== WHAT YOU WILL DO ==
Below is a set of records; reproduce them exactly without their pictures.

··········

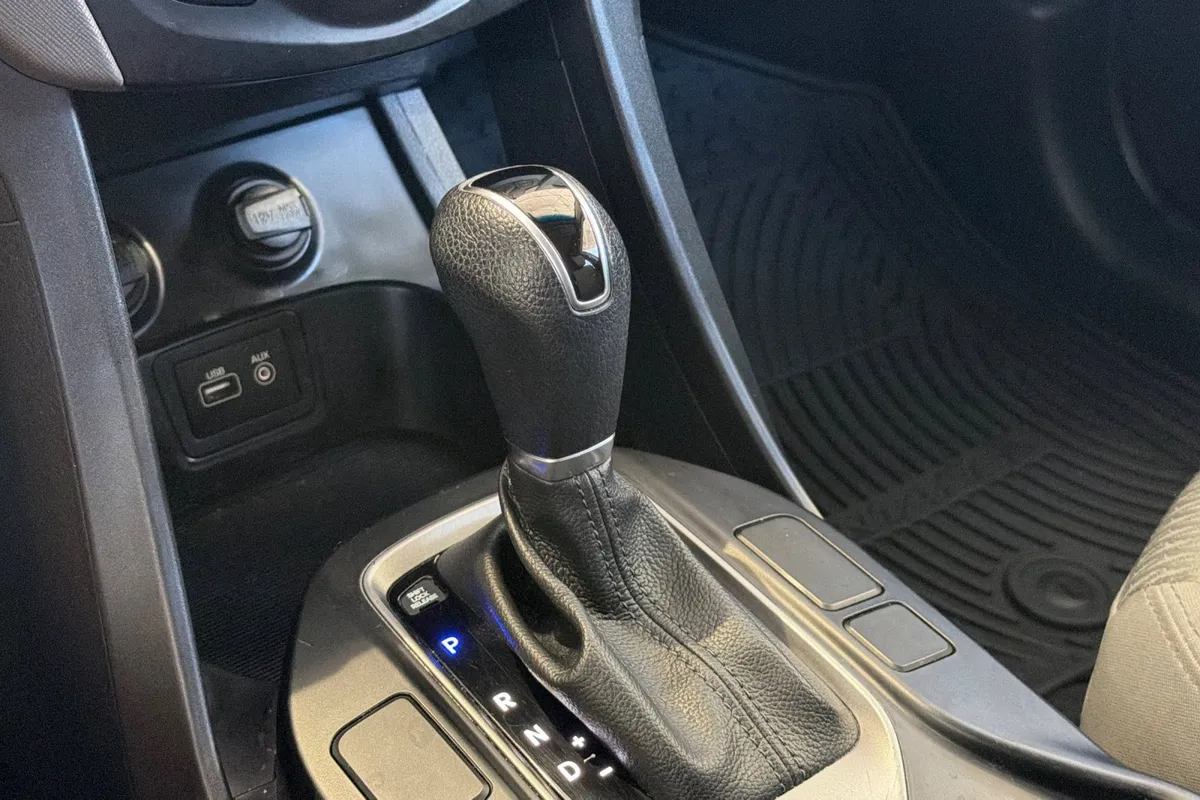 2017 Hyundai Santa Fe Sport 2.4L thumbnail 26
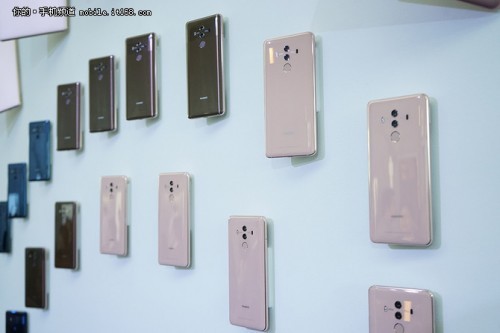 华为Mate10/Mate10 Pro对比评测:怎么选才不吃亏?
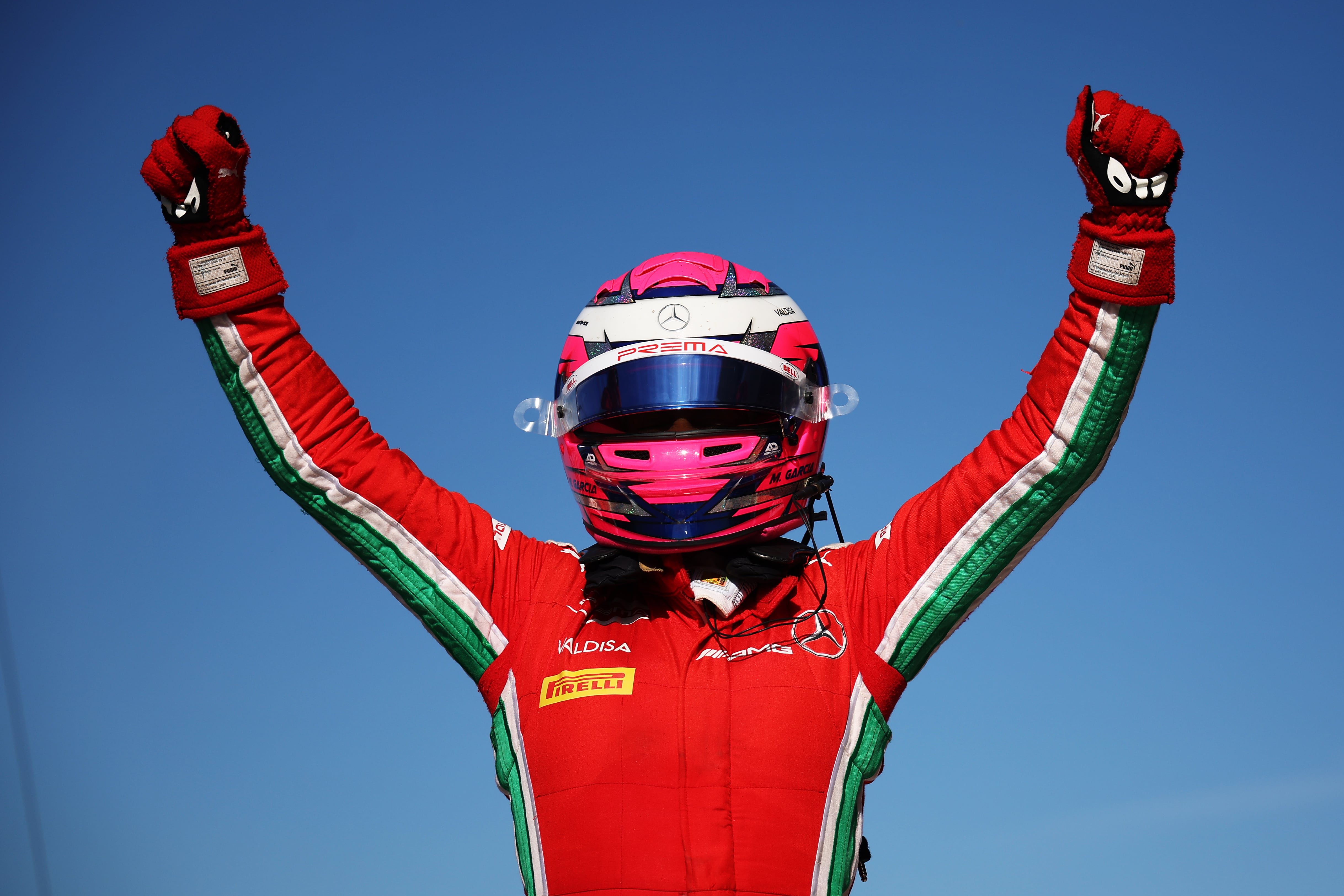 Marta García celebra la victoria en la primera carrera del GP de los EEUU de F1 Academy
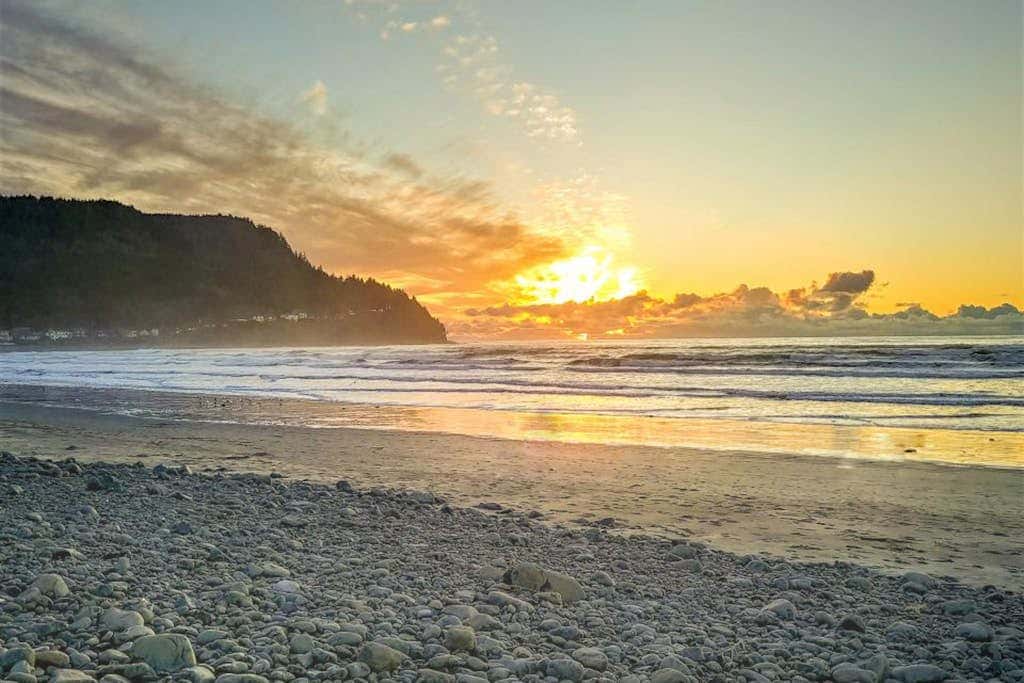 Cozy Seaside Bungalow, Brand New Hot Tub, Fast WiFi & W&D - Walk to the Beach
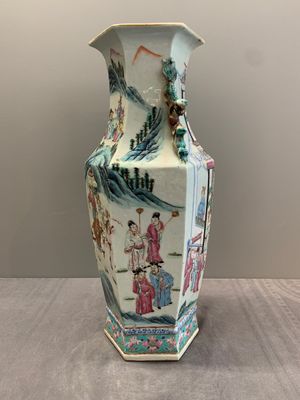 A Chinese Canton famille rose hexagonal vase with narrative design, 19th C. — photo 5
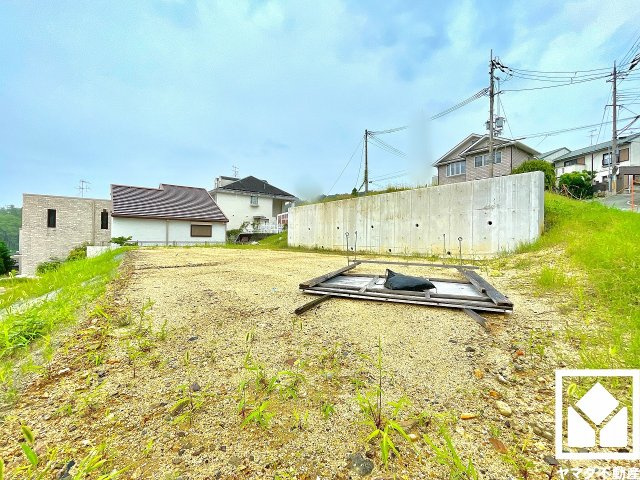 阪急今津線「仁川」駅まで徒歩21分の立地。毎日の通勤・通学だけでなく、休日のお出かけまで利便性に優れています。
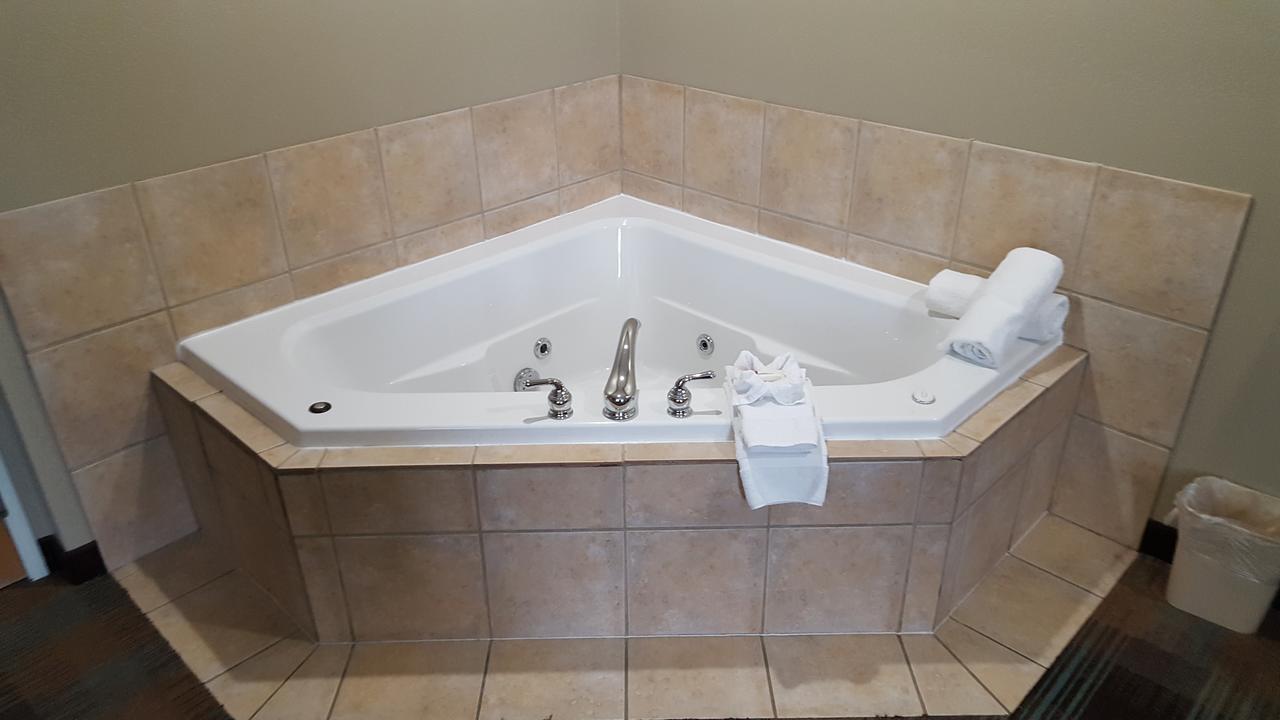 Microtel & By Wyndham 2*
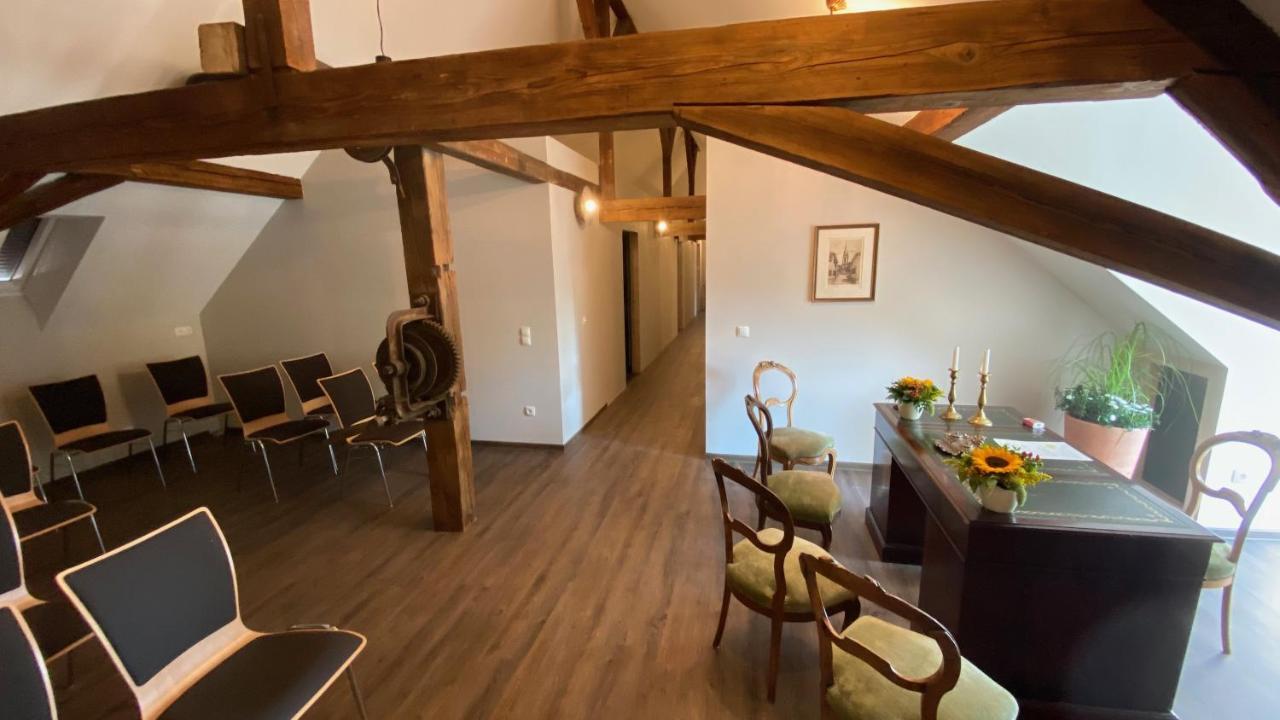 Buergerhausloewen Hotell Philippsburg Eksteriør bilde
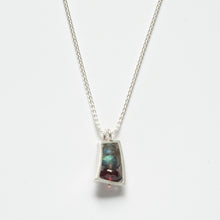 VSJ01N - Short Wedge Necklace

··········

== SOLUTION TO THE PROBLEM ==
 2017 Hyundai Santa Fe Sport 2.4L thumbnail 26
 华为Mate10/Mate10 Pro对比评测:怎么选才不吃亏?
 Marta García celebra la victoria en la primera carrera del GP de los EEUU de F1 Academy
 Cozy Seaside Bungalow, Brand New Hot Tub, Fast WiFi & W&D - Walk to the Beach
 A Chinese Canton famille rose hexagonal vase with narrative design, 19th C. — photo 5
 阪急今津線「仁川」駅まで徒歩21分の立地。毎日の通勤・通学だけでなく、休日のお出かけまで利便性に優れています。
 Microtel & By Wyndham 2*
 Buergerhausloewen Hotell Philippsburg Eksteriør bilde
 VSJ01N - Short Wedge Necklace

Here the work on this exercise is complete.